This is the December 17, 2007, issue of Elder Law FAX, a free newsletter published by the Elder Law Practice of Timothy L.
Takacs
Court Bars Medicaid Estate Recovery Attempts as Untimely
Filed
In two cases decided by the Tennessee Court of Appeals last
month, the State of Tennessee
was barred from recovering almost $400,000 because the State failed to file
claims in the probate court within one year of the date of death of the
benefits recipients.
On July 1, 1991, Mary Virginia Jones Henkel became the
beneficiary of Medicaid nursing home benefits paid through the Tennessee Bureau
of TennCare. Ms. Henkel died on February 19, 2003.

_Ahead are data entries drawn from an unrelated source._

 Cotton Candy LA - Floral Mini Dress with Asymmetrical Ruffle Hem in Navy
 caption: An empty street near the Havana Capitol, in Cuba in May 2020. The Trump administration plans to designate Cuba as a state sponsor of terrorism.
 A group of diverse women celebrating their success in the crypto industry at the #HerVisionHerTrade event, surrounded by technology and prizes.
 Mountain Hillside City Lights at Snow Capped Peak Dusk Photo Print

In March, 2003, Ms. Henkel's conservator sent the Bureau a
final accounting for the conservatorship, and the Bureau responded by sending the
conservator a letter and printout of Medicaid benefits paid by the State.
On June 11, 2003, October 17, 2003, and November 6, 2003,
the Bureau sent letters notifying Ms. Henkel's children that the Bureau may
have an interest in the estate. On January 6, 2004, the Bureau received a
request for release of its claim from Ms. Henkel's son, Larry. In response, the
Bureau sent another letter to Larry Henkel, again informing him that the Bureau
may have an interest in his mother's estate.

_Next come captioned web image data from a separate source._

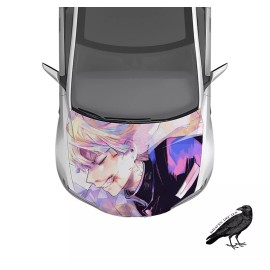Anime Hood Wrap Zenitsu Demon Slayer Weatherproof Car Decal 50" X 65"
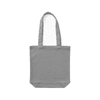 A grey canvas tote bag with two sturdy handles and an interior space, featuring a logo on the side.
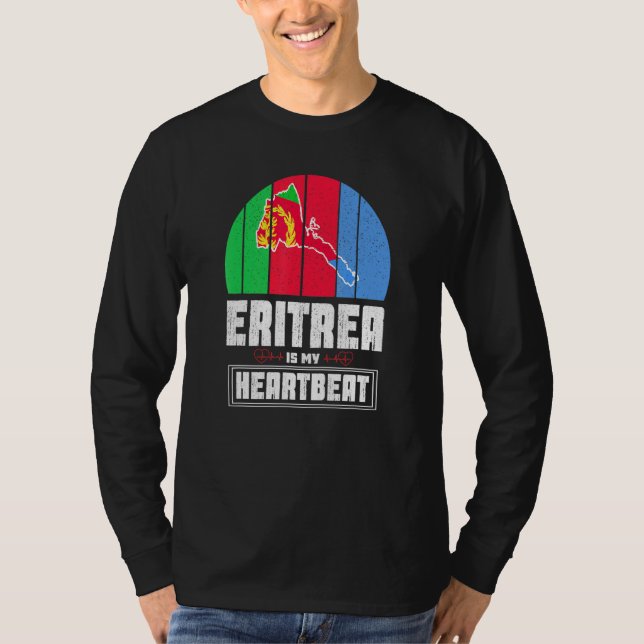 Eritrea ist mein Herzschlag Liebe Eritrea Flaggenp T-Shirt (Vorderseite)
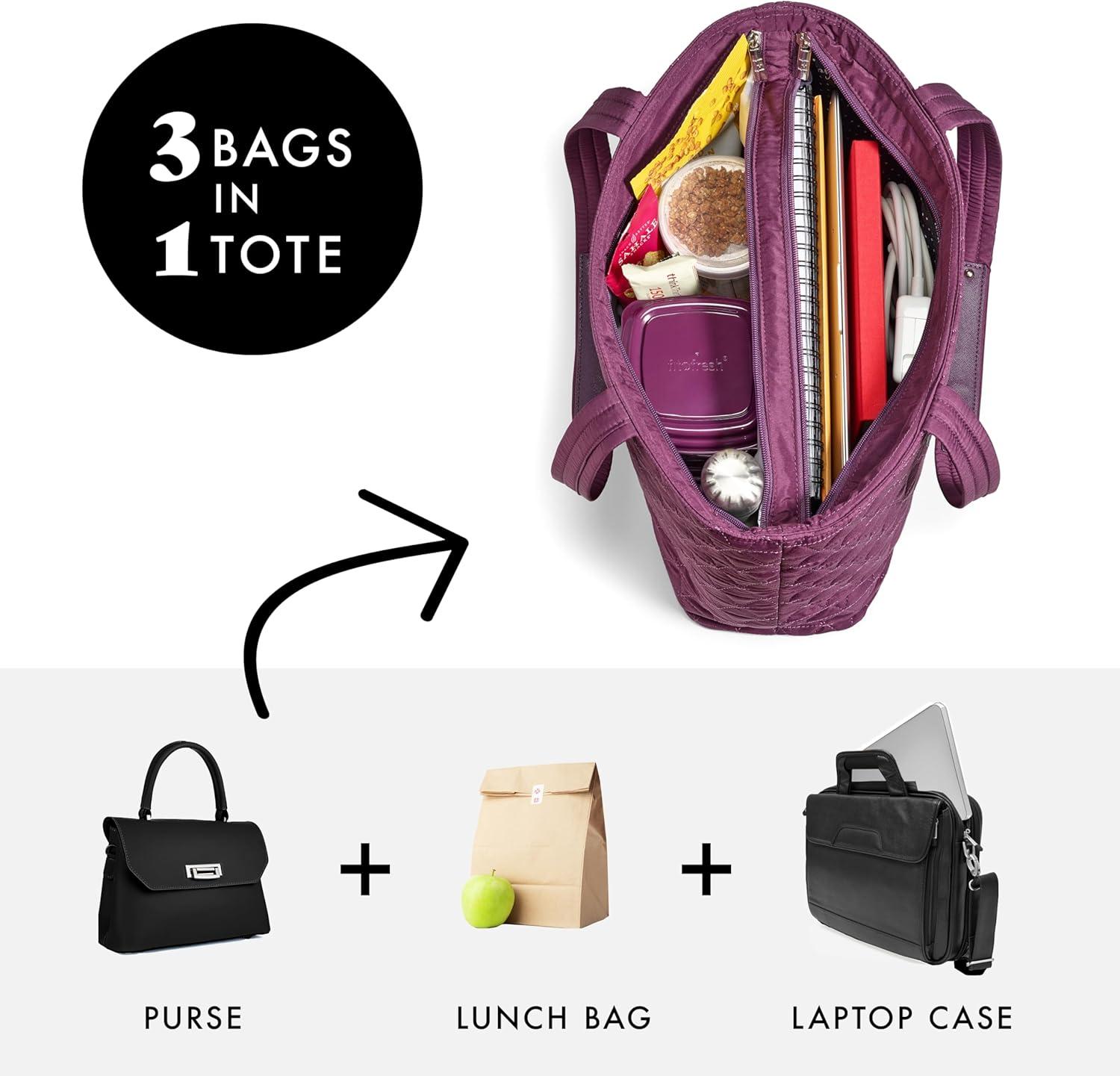imageFit ampamp Fresh 2in1 Insulated Lunch ampamp Travel TotePlum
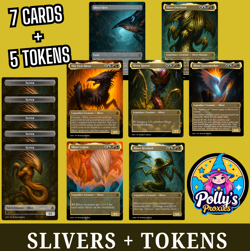 Slivers + 5 Tokens (12 Pack) FOIL Proxy Cards [Hivelord Overlord Queen Legion] - Image 3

Ms. Henkel's children did not seek to open a probate estate.
Consequently, on September 8, 2005, Bureau petitioned the probate court in Nashville to appoint an
administrator of Ms. Henkel's estate, in the case of In re Estate of Mary V. Henkel. An administrator was appointed, and
on January 30, 2006, the Bureau filed a claim against the estate for
$287,646.30 for Medicaid benefits paid out on behalf of Ms. Henkel. The
administrator of the estate filed an exception to the Bureau's claim.

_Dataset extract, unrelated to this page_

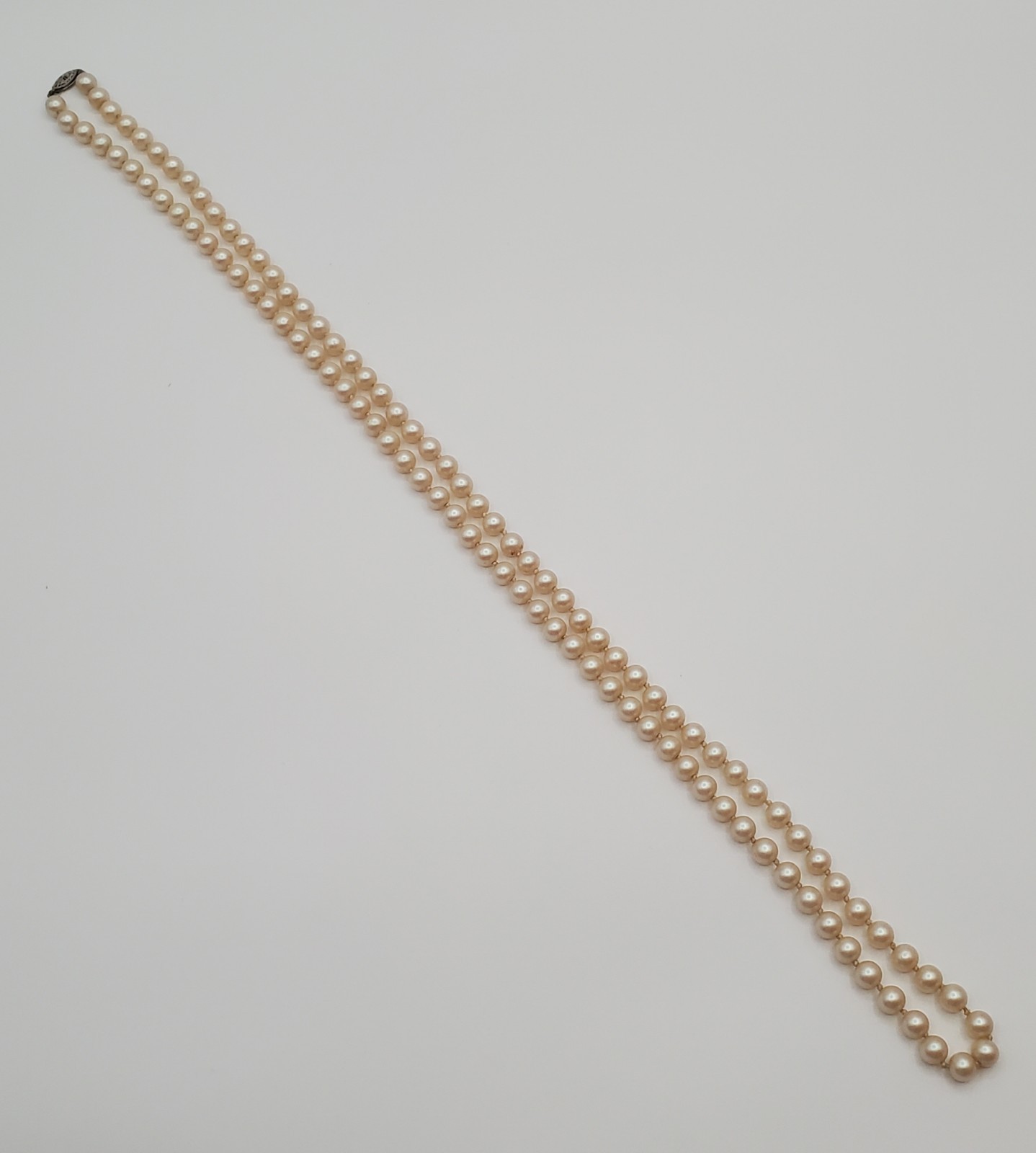 VTG Necklace 36in Opera Length Long Ivory Faux Pearl Knotted Single Strand FLAW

The facts of the second case are similar and likewise were
undisputed: In re Estate of Margie Mary
Anderson, on January 1, 1994, at the age of sixty-five, Margie Mary
Anderson became the beneficiary of Medicaid benefits. Ms. Anderson died on
February 21, 2004. On June 3, 2005, the Bureau sought appointment of an
administrator of her estate in order to file a claim for $99,345.81 paid to her
medical providers on her behalf. The administrator likewise filed an exception
to the claim as not being timely filed.
In both Henkel and
Anderson, the probate judge dismissed
the TennCare claim and the Bureau appealed. In decisions filed on November 16,
2007, the Tennessee Court of Appeals upheld the actions of the probate judges
dismissing those claims because they were not timely filed. Under Tennessee law, creditors
of decedent's estates, unless subject to a specific exception, must file claims
against the probate estate within one year of the date of death of the decedent
or be barred from any recovery.
The Bureau argued that the Tennessee legislature never meant for
TennCare claims to be subject to the same one-year statute as other general
creditors.
Writing for the court, Justice Frank Crawford noted that the
legislative history of the amended statute, passed by the General Assembly in
2000, contains the following statement by Steve Cobb, a representative of the
Tennessee Bar Association:
Last week you [the Senate Committee] asked me to take a look at this [the
proposed amendment]. I circulated this to quite a number of practitioners in
the field.... They would recommend that you set a statute of limitations of one
year here and we think that would work very well. There were comments last week
by someone from the state. If I understood the person correctly she was
concerned about the fact that in the case of a state [sic] taxes, death taxes,
however you want to call them the state might not even know about the death
within a year. I'm informed by all the people I talked to that this bill doesn't
affect that whatsoever. There's a separate statute of limitations of three
years that governs taxes. So this is only the
kinds of credits or claims against the estate of the decedent that are in
existence at the time he or she dies so the state is on notice the moment the
person dies, even beforehand that they're owed some money and so we think that
a year to check on this situation and try to follow up is plenty. An average citizen has four months from the time
that notice to creditors is [published] to file...that notice.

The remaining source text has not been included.